Toutes les victimes – dix hommes – se comptent dans les rangs des Houthis, rebelles d’obédience zaydite – une branche minoritaire de l’islam chiite – engagés depuis 2014 dans une guerre civile sanglante au Yémen. Le 31 octobre, les Houthis ont déclaré ouvertement la guerre à Israël, en solidarité avec le Hamas palestinien, soutenu, comme eux, par l’Iran. Revendiquant leur appartenance à un «axe de la résistance» contre Tel-Aviv auquel appartient aussi le Hezbollah libanais.
Depuis, à coups de missiles, de drones, d’assaut en mer et de prise d’otages, ils multiplient les opérations en mer Rouge contre des cargos, des porte-conteneurs et des pétroliers, assurant cibler les navires se dirigeant vers l’Etat hébreu ou étant liés, d’une manière ou d’une autre, à Israël.
Interview
Face à l’instabilité croissante dans la région, plusieurs géants du commerce maritime ont temporairement suspendu leur navigation dans cette zone stratégique qui relie l’océan Indien à la Méditerranée, et donc l’Europe à l’Asie. Le 18 décembre, les Etats-Unis avaient annoncé la formation d’une coalition navale de dix pays, dont la France, pour renforcer la sécurité en mer Rouge.
«Légitime défense»
C’est dans ce contexte explosif que l’attaque de dimanche matin est survenue. Selon le Commandement militaire américain au Moyen-Orient (Centcom), le porte-conteneurs Maersk-Hangzhou a émis un appel de détresse à 6h30, heure locale, indiquant être attaqué par quatre petites embarcations de rebelles houthis. Une équipe de sécurité privée présente à bord du navire commercial, battant pavillon de Singapour, a répliqué aux tirs.

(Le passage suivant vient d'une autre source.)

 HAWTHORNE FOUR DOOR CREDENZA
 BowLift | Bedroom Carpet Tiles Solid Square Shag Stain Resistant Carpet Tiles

Dans le même temps, plusieurs hélicoptères de la Marine américaine ont décollé de deux navires militaires présents dans la zone, le porte-avions USS Eisenhower et le destroyer USS Gravely, pour porter assistance au porte-conteneurs. Visés par des tirs houthis, les hélicoptères américains «ont riposté en état de légitime défense, coulant trois des quatre petits navires, et tuant les équipages», a indiqué le Centcom dans un communiqué, précisant que le quatrième bateau avait «fui la zone» et que les forces américaines n’avaient subi ni victimes ni dégâts.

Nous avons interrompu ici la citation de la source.